_Work to complete_. Print exactly the line that contains "A person with", then every following line through the end of the material; include nothing else and no pictures.

_Given data_.
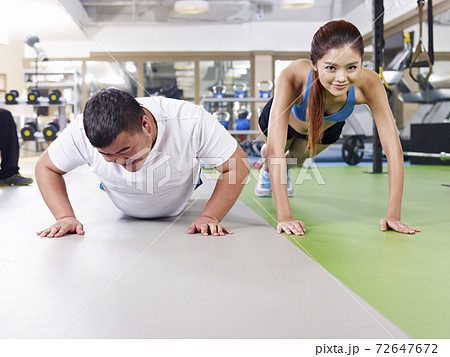an overweight young man doing push-ups together with a young lady an overweight young man doing push-ups together with a young lady 72647672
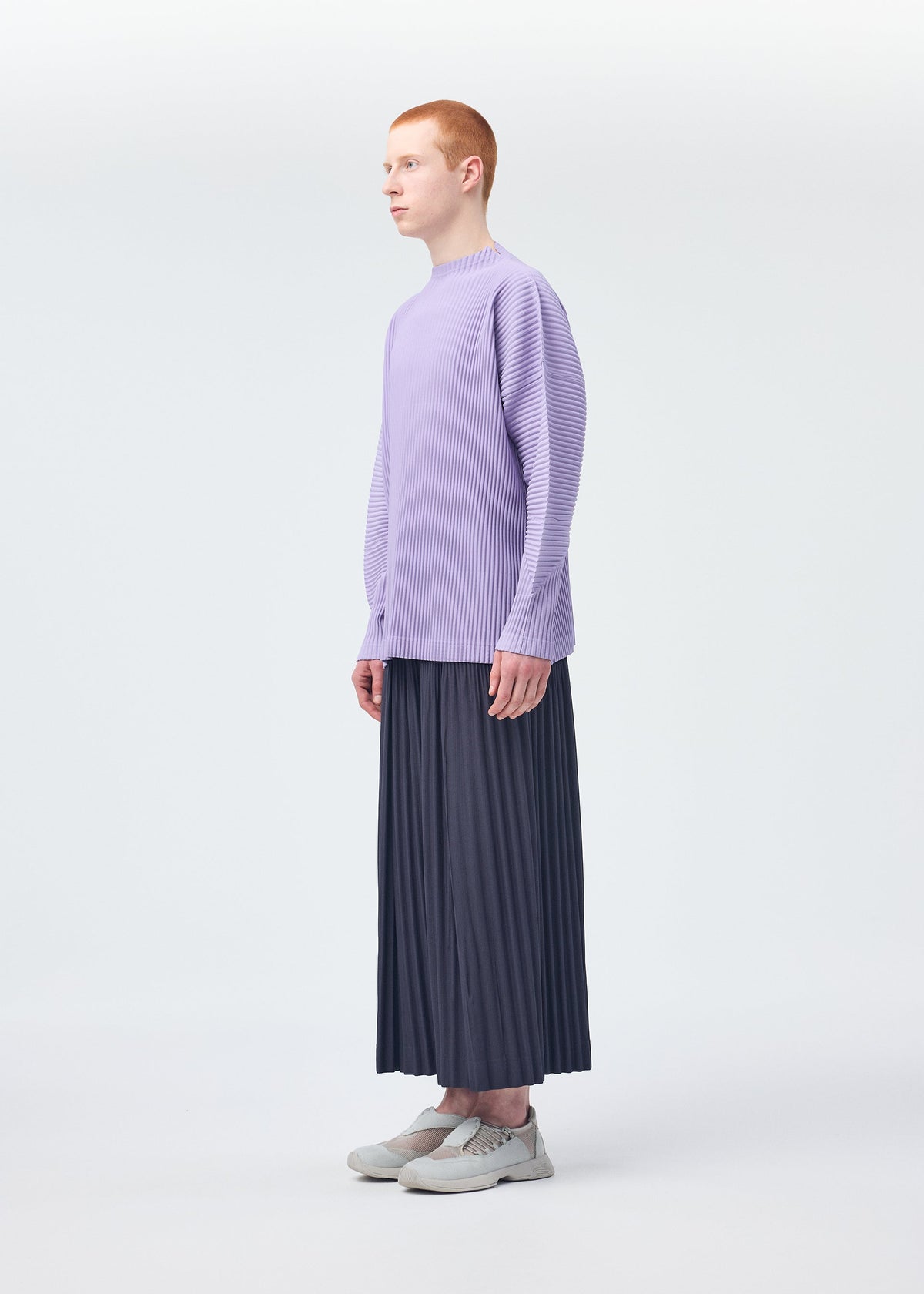 A person with short red hair stands in profile, wearing a loose, lavender long-sleeve top and HOMME PLISSÉ ISSEY MIYAKE MONTHLY COLORS : DECEMBER pleated dark wide pants, paired with white sneakers in a minimal white studio. view 7 of 8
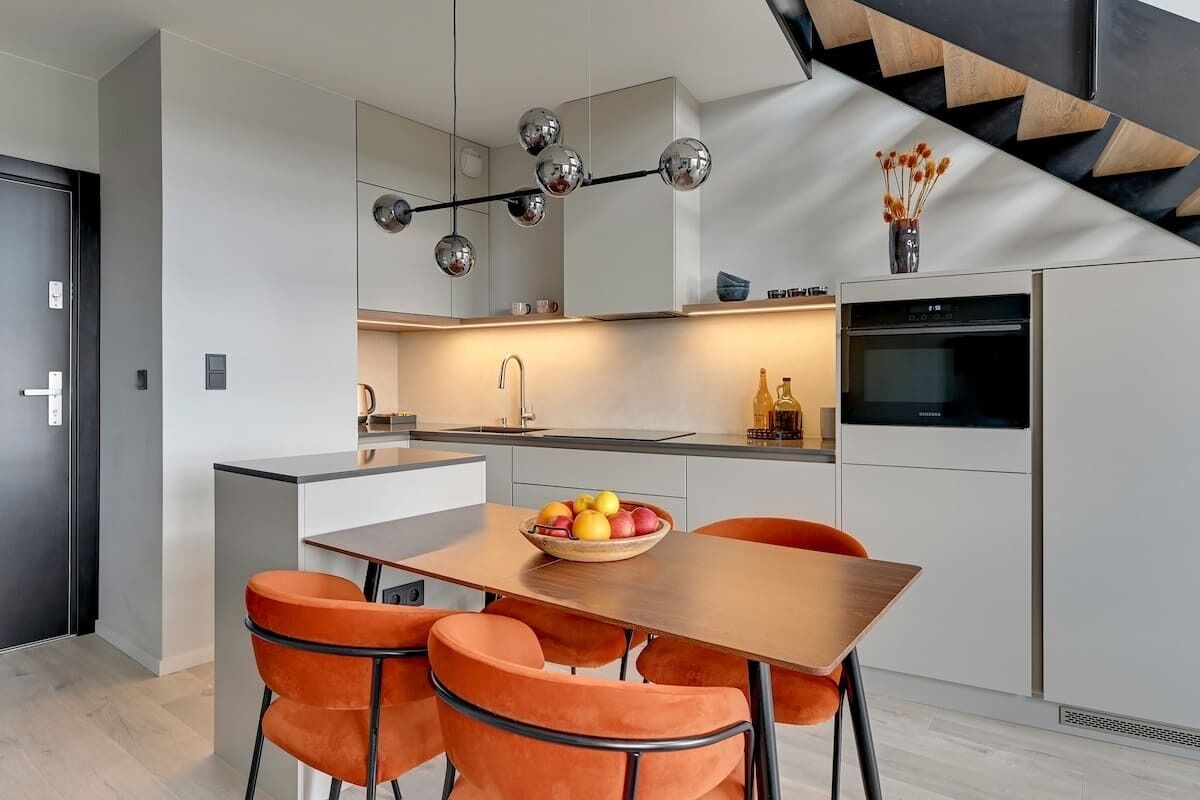 Eine moderne Küche mit einer zentralen Kochinsel, einem Essbereich mit orangefarbenen Stühlen und einer Treppe mit Holzvertäfelung.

_Written solution_.
 A person with short red hair stands in profile, wearing a loose, lavender long-sleeve top and HOMME PLISSÉ ISSEY MIYAKE MONTHLY COLORS : DECEMBER pleated dark wide pants, paired with white sneakers in a minimal white studio. view 7 of 8
 Eine moderne Küche mit einer zentralen Kochinsel, einem Essbereich mit orangefarbenen Stühlen und einer Treppe mit Holzvertäfelung.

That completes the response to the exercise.